Data section
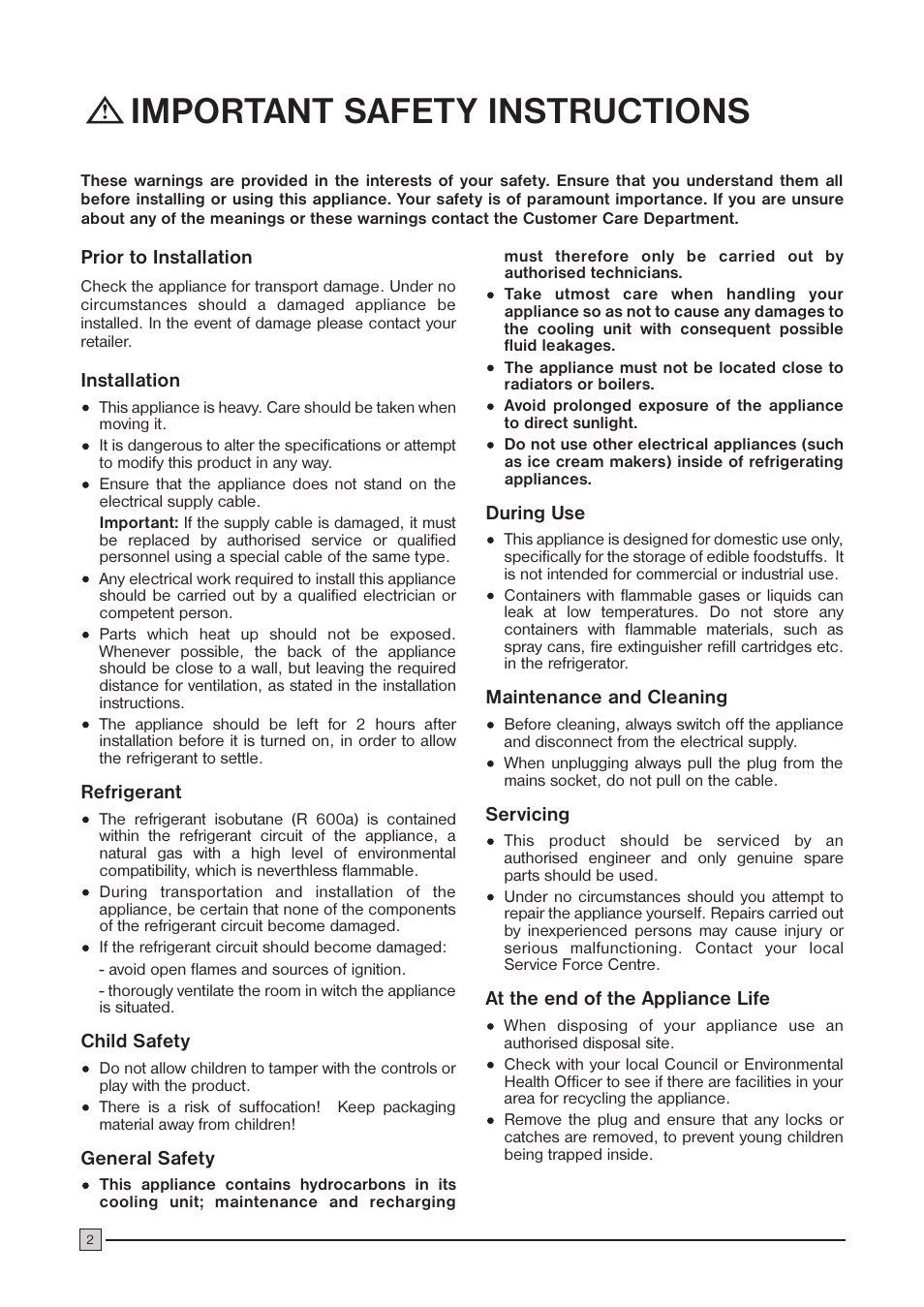 Important safety instructions | Zanussi ZCF 146 C User Manual | Page 2 / 16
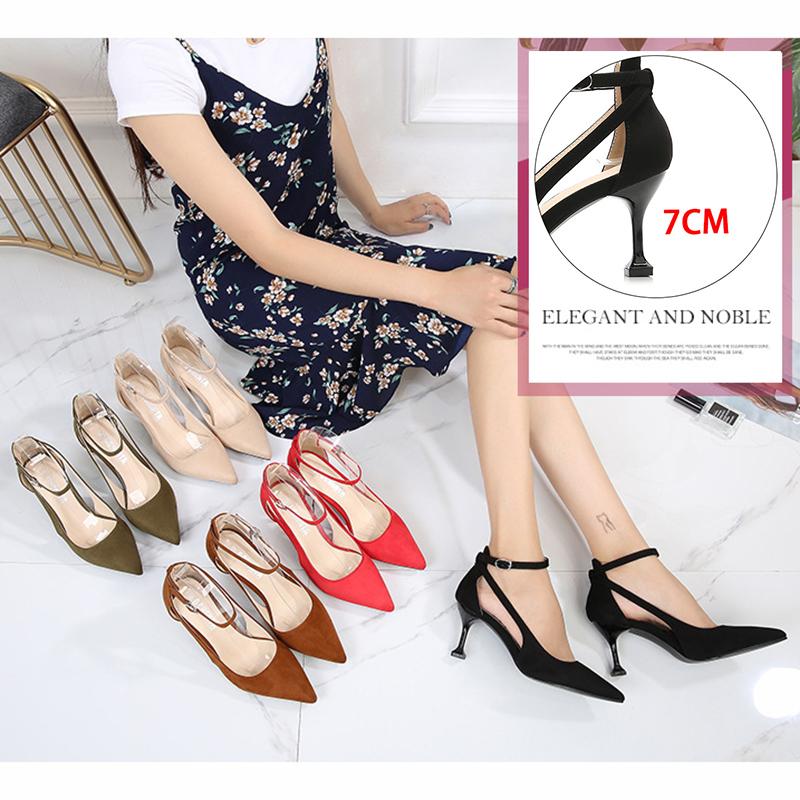 Модные элегантные женские фетиш-сандалии на высоком каблуке 7 см, женские замшевые сандалии на низком каблуке с острым носком больших размеров, дешевая офисная обувь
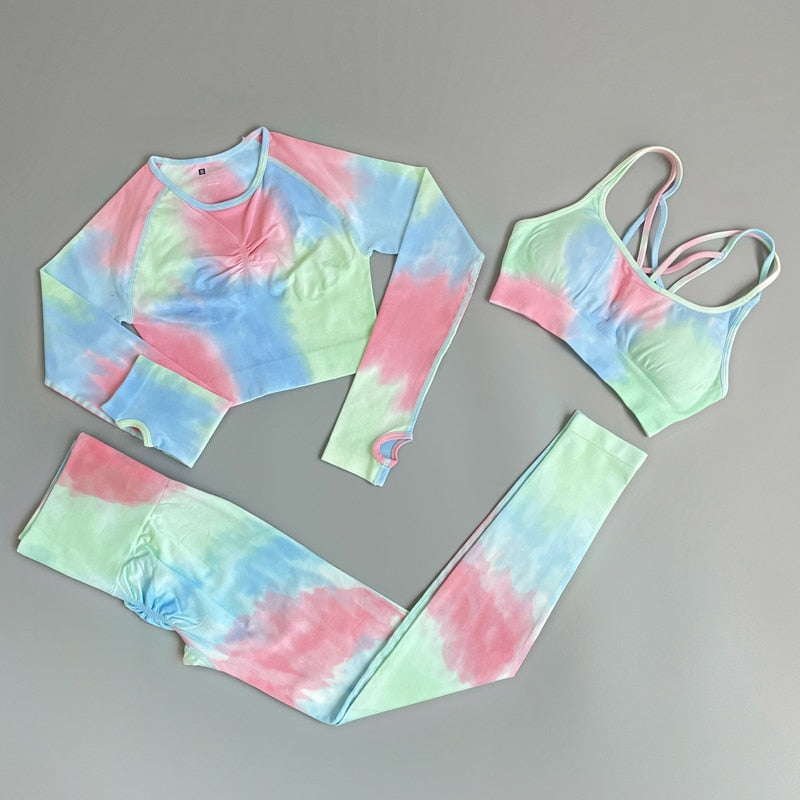 Tie Dyeing Women Sportswear Yoga Set Workout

Instructions for the task
Your copy should match the data above exactly, apart from the pictures.

Answer to the exercise
 Important safety instructions | Zanussi ZCF 146 C User Manual | Page 2 / 16
 Модные элегантные женские фетиш-сандалии на высоком каблуке 7 см, женские замшевые сандалии на низком каблуке с острым носком больших размеров, дешевая офисная обувь
 Tie Dyeing Women Sportswear Yoga Set Workout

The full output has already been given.